Adders, and Serpents, let me breathe a while:
Vgly hell gape not, come not Lucifer,
Ile burne my bookes, ah Mephastophilis. Exeunt
Enter Chorus
Cut is the branch that might haue growne ful straight,
And burned is Apolloes Laurel bough,
That sometime grew within this learned man:
Faustus is gone, regard his hellish fall,
Whose fiendful fortune may exhort the wise,
Onley to wonder at vnlawful things,
whose deepenesse doth intise such forward wits,
To practice more than heaunly power permits. Exit.
------------------------------------------------------------

Faustus
Ah Faustus,
Now hast thou but one bare hour to live,
And then thou must be damned perpetually.
Stand still you ever moving spheres of heaven,
That time may cease, and midnight never come;
Fair Nature's eye, rise, rise again, and make
Perpetual day, or let this hour be but a
year,
A month, a week, a natural day,
That Faustus may repent, and save his soul.
O lente, lente, currite noctis equi:.
The stars move still, time runs, the clock will strike.
The devil will come, and Faustus must be damned.
O, I'll leap up to my God: who pulls me down?
See, see where Christ's blood streames in the firmament;
One drop would save my soule, half a drop, ah, my Christ!
..
The clock striketh twelve
O, it strikes, it strikes! Now, body, turn to air,
Or Lucifer will bear thee quick to hell. Thunder and lightning.

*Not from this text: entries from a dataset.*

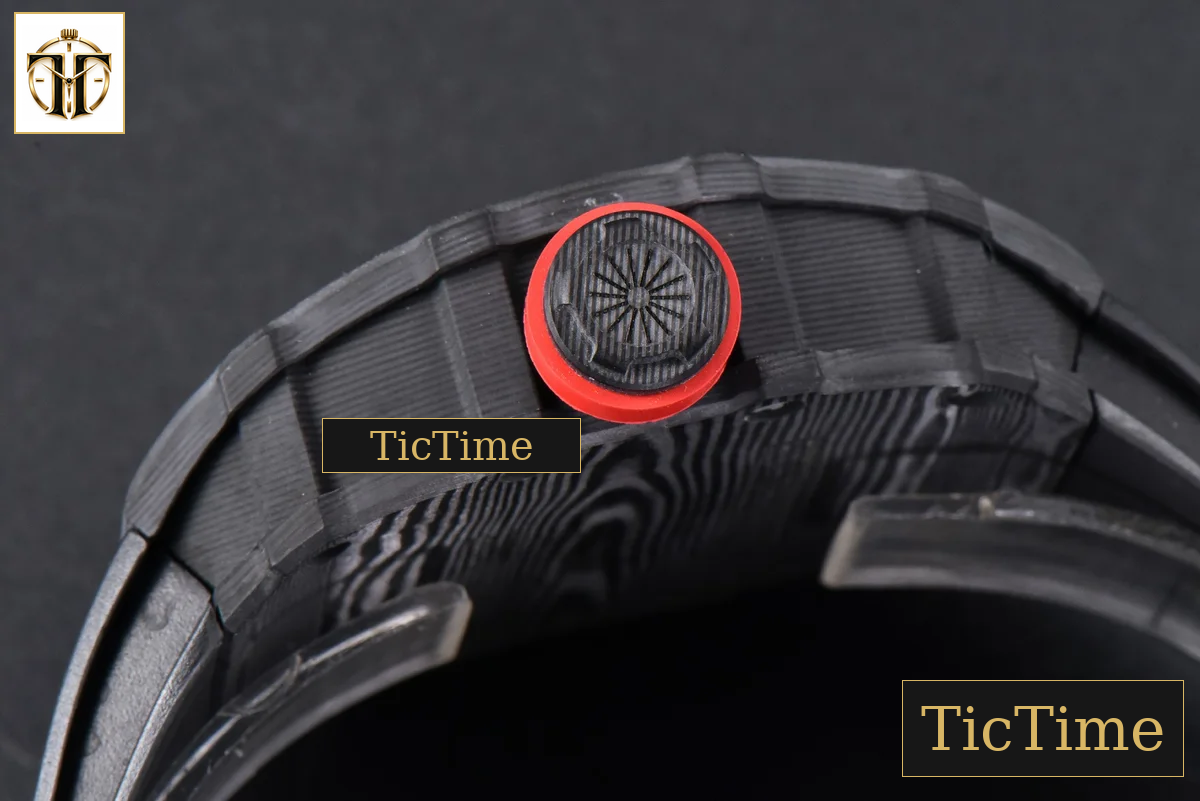 RM035-02 42mm T+F Black Forged Carbon Black Skeleton Dial Red Crown Black Rubber Strap RMUL2 — foto 16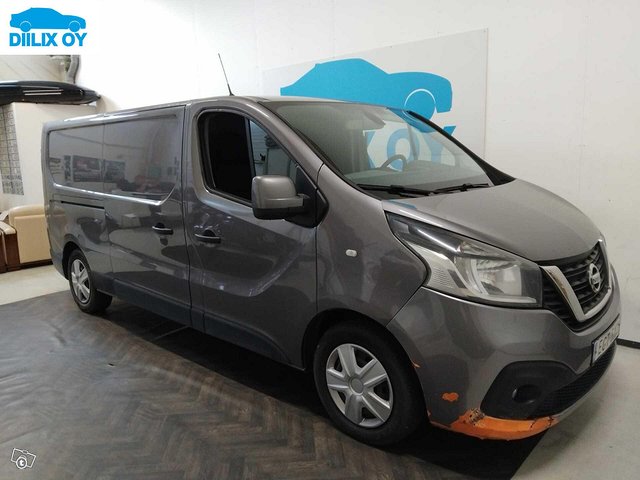 Nissan NV300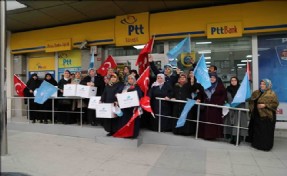 Bağcılarlı Kadınlar Mehmetçik İçin Kışlık Giyecek Ördü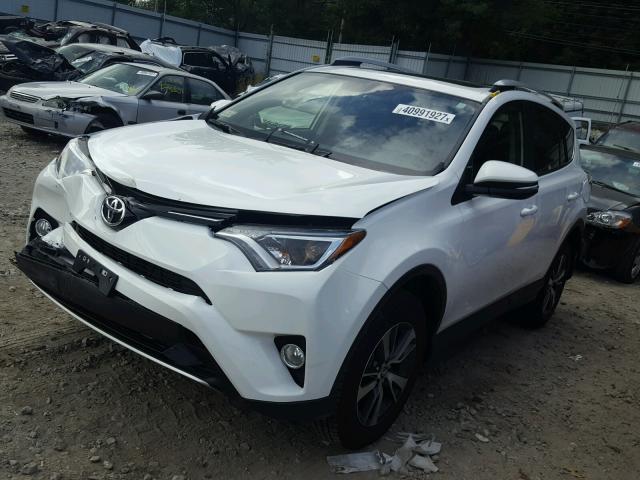 JTMRFREVXGJ095380 - 2016 TOYOTA RAV4 XLE WHITE photo 2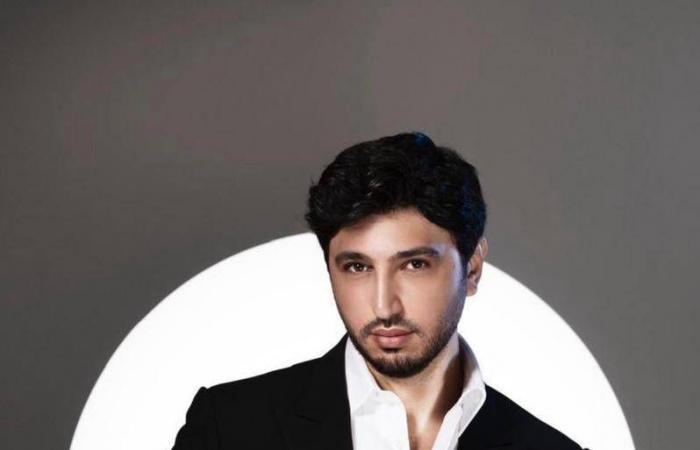 محمد
      فضل
      شاكر:
      أهتم
      بالكلمات
      والألحان
      وليس
      بشهرة
      أصحابها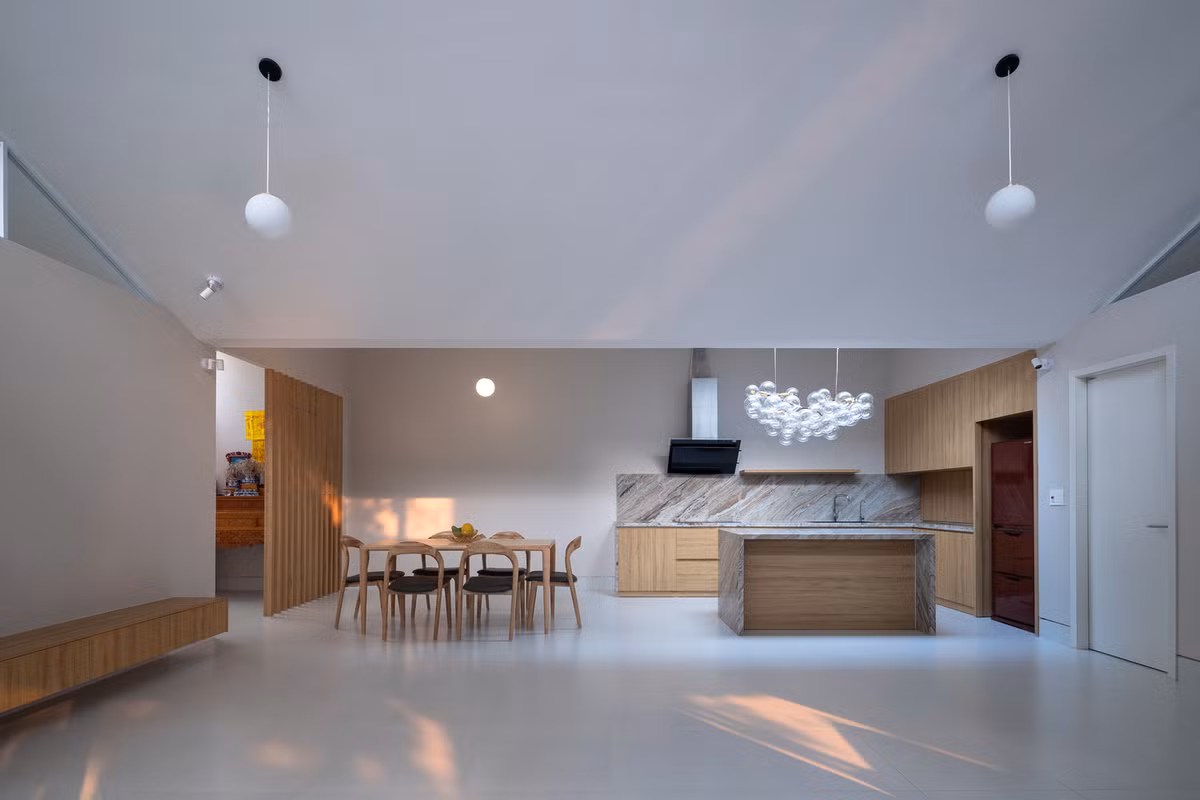 Không gian sinh hoạt trong nhà được bố trí khá đơn giản, gồm không gian chung rộng, nơi diễn ra mọi hoạt động và là không gian kết nối của các thành viên trong gia đình.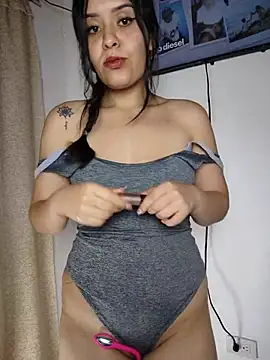 Snapshot of HollyMoon_ chatting on July 12, 3:08 am HollyMoon online show from July 12, 3:08 am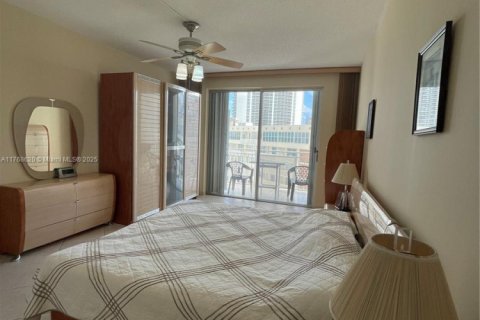 Condominio en venta en Hallandale Beach, Florida, 1 dormitorio, 60.01 m2 № 2034360 - foto 20
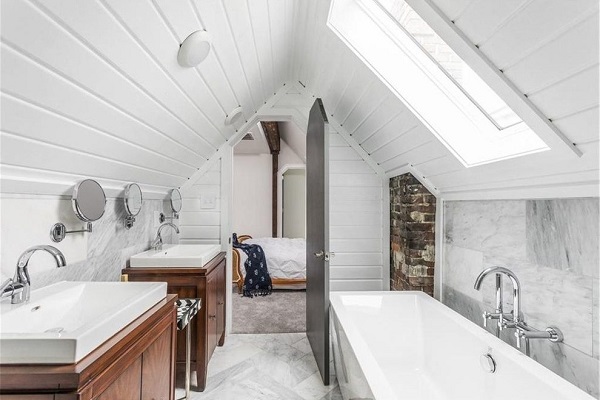 Turn Your Loft Conversion Into a Spare Bathroom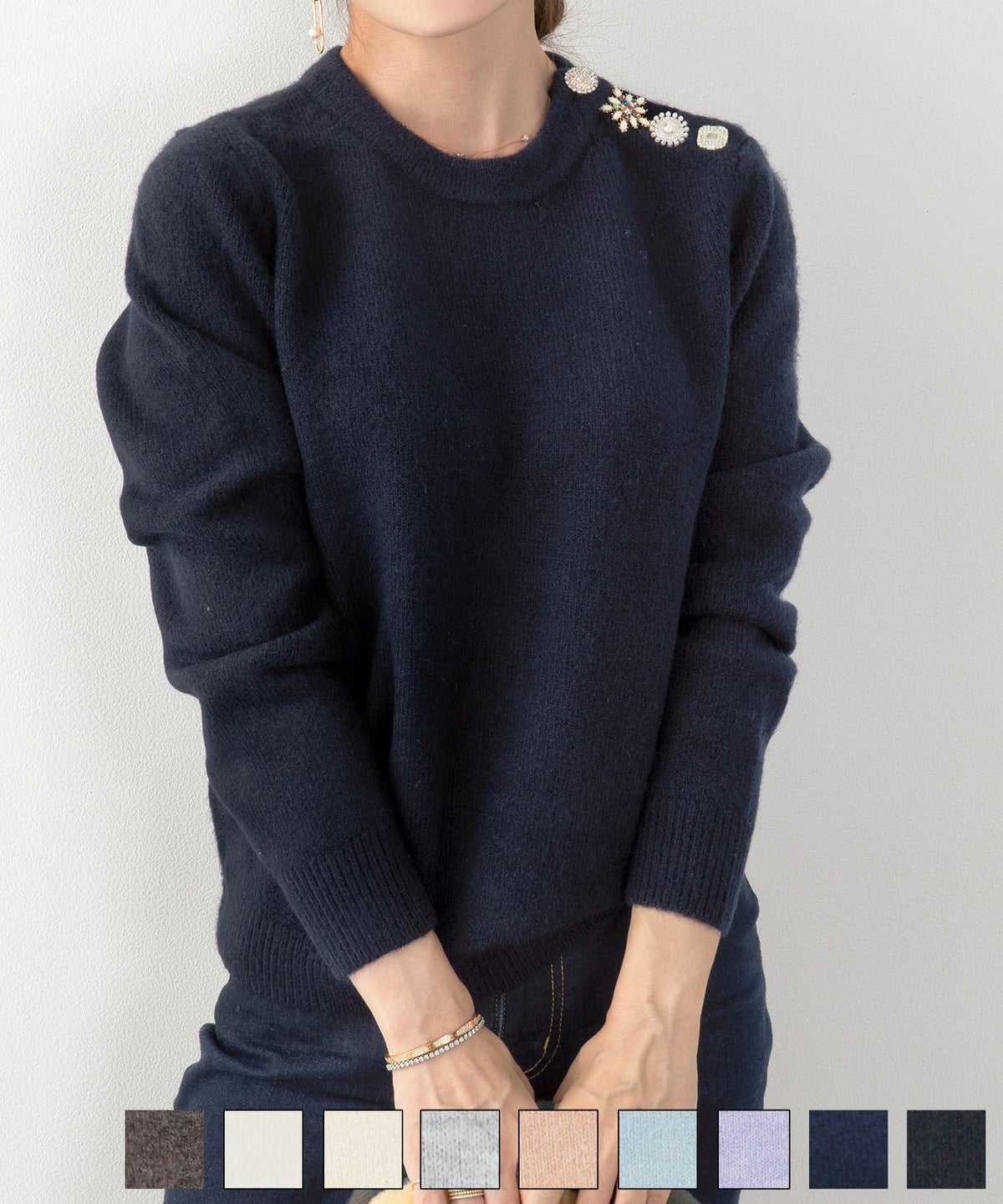 新色追加 長袖 ビジュー ざっくり ボタン モチーフ 肩ビジュー 釦 ニット Liala×PG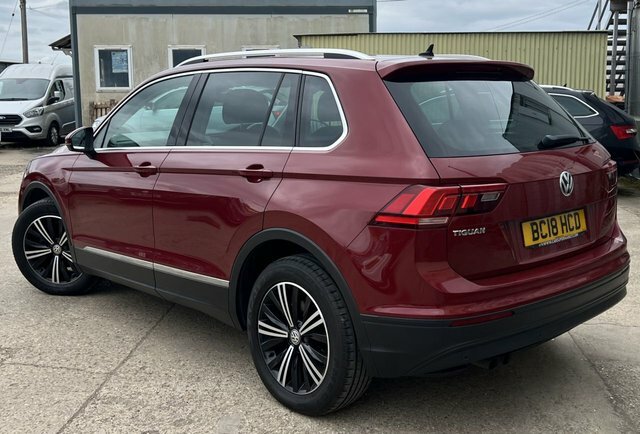 Volkswagen Tiguan 1.4 Tsi Se Suv Euro 6 S S 125 BC18HCD Red #4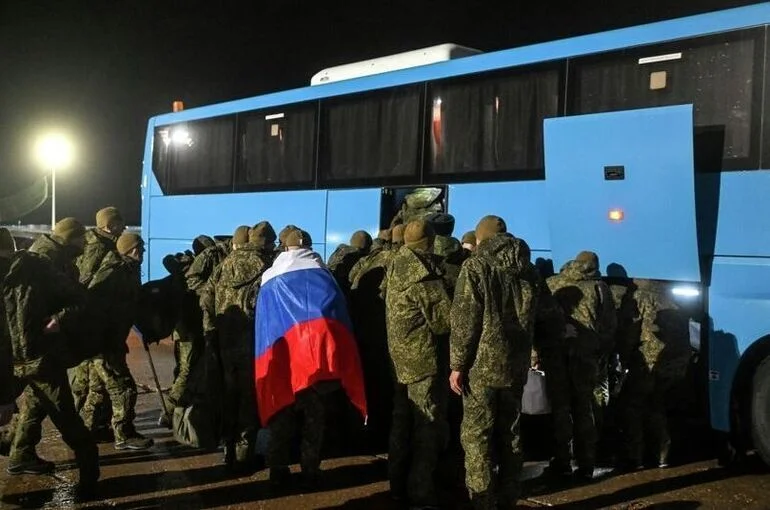 Россия и Украина обменялись военнопленными по формуле «300 на 300»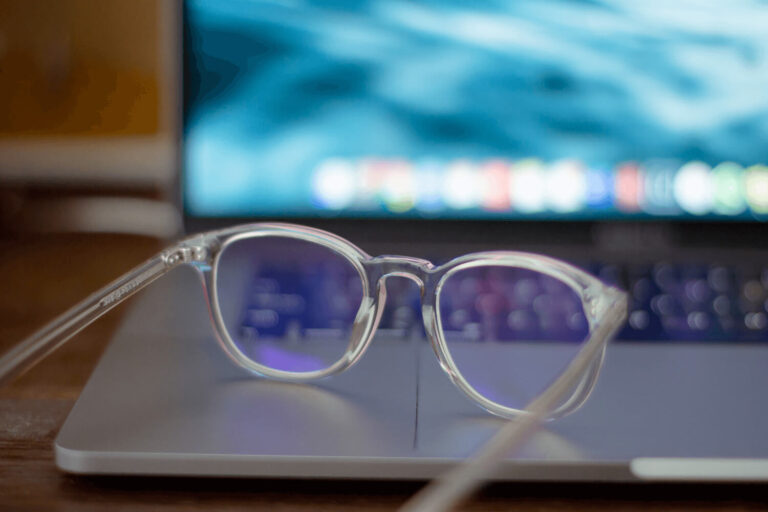 Analyse Cochrane des essais randomisés contrôlés sur les lunettes filtrant la lumière bleue pour la fatigue visuelle liée à l'usage des écrans.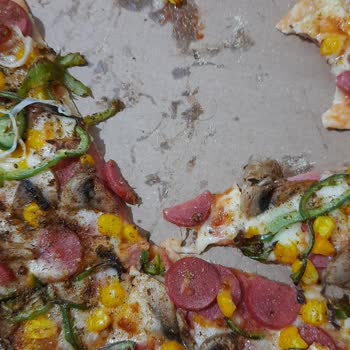 Migros Yemek Pizza Siparişimde Kıl Çıktı!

O soul, be changed into little water drops,
And fall into the ocean, ne'er be found.
My God, my God, look not so fierce on me; Enter Devils.

Adders, and serpents, let me breathe a while;
Ugly hell gape not, come not Lucifer;
I'll burn my books! Ah, Mephistophilis. Exeunt

Enter Chorus.
Cut is the branch that might have grown full straight,
And burned is Apollo's laurel bough,
That sometime grew within this learned man.
Faustus is gone; regard his hellish fall,
Whose fiendful fortune may exhort the wise,
Only to wonder at unlawful things,
Whose deepness doth entice such forward wits,
To practice more than heavenly power permits. Exit.